NEWPORT, R.I. — Dorothy “Dodo” Cheney, an icon of American tennis and a 2004 inductee of the International Tennis Hall of Fame, passed away surrounded by her family in Escondido, Calif. on November 23, following a brief illness. She was 98 years old.

Born into an accomplished tennis family, Cheney first started playing as a young child and was an active competitor well into her 90s. During her lengthy career, Cheney won an extraordinary 391 gold balls – the accolade that is awarded by the United States Tennis Association (USTA) to winners of its national titles, amateur or professional, junior or senior. Among her 391 national titles, Cheney was a champion numerous times in singles, doubles, and mixed doubles, across various age levels, and on all surfaces. She was highly regarded for her strong baseline game.
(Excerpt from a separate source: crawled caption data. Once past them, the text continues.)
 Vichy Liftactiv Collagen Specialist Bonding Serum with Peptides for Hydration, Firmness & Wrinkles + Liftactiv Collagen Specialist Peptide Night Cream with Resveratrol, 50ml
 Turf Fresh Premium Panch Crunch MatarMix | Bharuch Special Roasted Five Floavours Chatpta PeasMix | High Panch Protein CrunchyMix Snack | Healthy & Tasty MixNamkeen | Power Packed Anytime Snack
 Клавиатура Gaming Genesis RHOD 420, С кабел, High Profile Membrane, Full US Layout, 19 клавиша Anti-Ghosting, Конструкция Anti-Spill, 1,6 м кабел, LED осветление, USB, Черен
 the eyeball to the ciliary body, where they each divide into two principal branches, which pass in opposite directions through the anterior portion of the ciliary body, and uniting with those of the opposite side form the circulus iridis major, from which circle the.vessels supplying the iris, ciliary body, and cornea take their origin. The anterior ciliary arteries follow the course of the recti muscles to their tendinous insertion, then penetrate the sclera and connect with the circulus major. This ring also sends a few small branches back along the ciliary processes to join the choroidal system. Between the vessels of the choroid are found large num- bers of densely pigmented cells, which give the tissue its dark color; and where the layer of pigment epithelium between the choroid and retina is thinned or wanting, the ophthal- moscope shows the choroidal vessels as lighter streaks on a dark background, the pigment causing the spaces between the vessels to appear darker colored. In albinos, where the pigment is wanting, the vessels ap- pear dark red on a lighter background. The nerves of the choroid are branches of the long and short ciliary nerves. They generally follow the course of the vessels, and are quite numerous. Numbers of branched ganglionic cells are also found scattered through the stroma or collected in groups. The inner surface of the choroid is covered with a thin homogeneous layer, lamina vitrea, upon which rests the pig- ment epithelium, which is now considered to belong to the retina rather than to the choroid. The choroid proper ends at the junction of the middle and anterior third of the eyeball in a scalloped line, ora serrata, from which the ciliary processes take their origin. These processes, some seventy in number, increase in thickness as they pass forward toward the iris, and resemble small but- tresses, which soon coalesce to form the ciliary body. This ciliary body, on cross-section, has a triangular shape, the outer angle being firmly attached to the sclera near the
In 1938, Cheney became the first American woman to win the Australian Championships (now known as the Australian Open). She was a runner up three times in women’s doubles at Grand Slam tournaments and four times in mixed doubles. In addition to her Australian Championships title, Cheney produced solid results in singles at the major tournaments, reaching four semifinals at the U.S. Championships and one semifinal each at Wimbledon and the French Championships.
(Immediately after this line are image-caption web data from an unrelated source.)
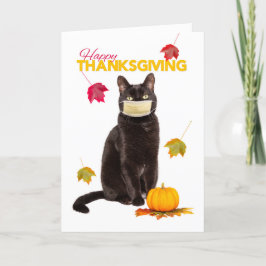 Happy Thanksgiving Cat in Coronavirus Face Mask Hu Feestdagen Kaart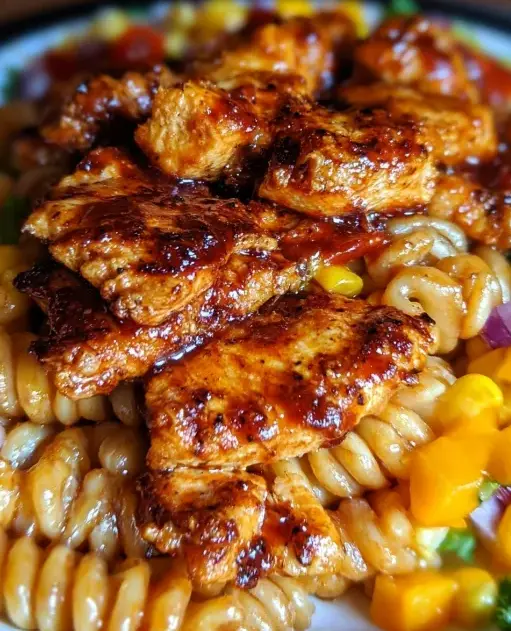 A delicious plate of High Protein BBQ Chicken Pasta Salad
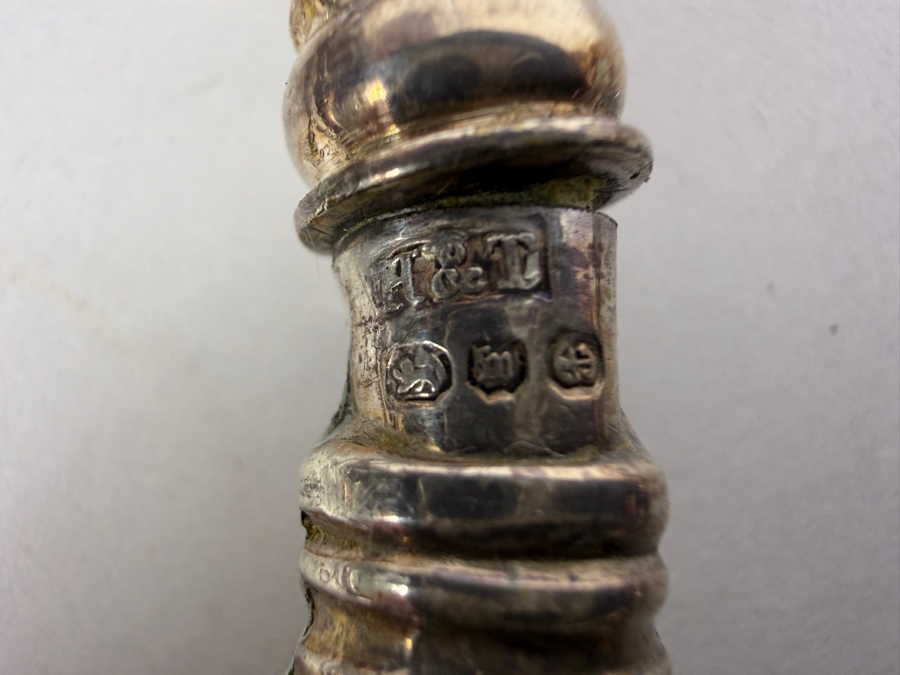 Just Added - Pair Of Antique English Victorian Sterling Silver Handled Nutcrackers, Hilliard And Thomason H And T Makers Mark, Birmingham Assay Office Lion Passant [Photo 3]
Cheney was ranked in the world top-10 in the late 1930s through mid 1940s. She reached a career high of World No. 6 in 1946. She was the No. 3 ranked player in the United States in 1937, 1938, and 1941. She competed against peers including Hall of Famers Helen Wills Moody, Alice Marble, Sarah Palfrey Cooke, and Pauline Betz Addie, among others.


Cheney was enshrined in the International Tennis Hall of Fame in 2004 at the age of 87. She was introduced at the enshrinement ceremony by tennis legend John McEnroe, and during the weekend events, the two enjoyed a brief hit on the Hall of Fame’s grass courts.

Cheney was the daughter of Wimbledon and U.S. Nationals Champion, Hall of Famer May Sutton Bundy and U.S. Nationals Doubles Champion Tom Bundy. In 2002, at age 85, Cheney and her daughter Christie Putnam won the USTA National Grass Court Super-Senior Mother Daughter Championships.

Cheney was preceded in death by her husband, Arthur. She is survived by two daughters, Christie Putnam and May Cheney; a son, Brian Cheney; eight grandchildren; and fourteen great-grandchildren.

Cheney was passionate about the development of junior tennis players. In lieu of flowers, her family has suggested gifts to the junior tennis program of one’s choice in her memory.

A private memorial service will be scheduled at a future date.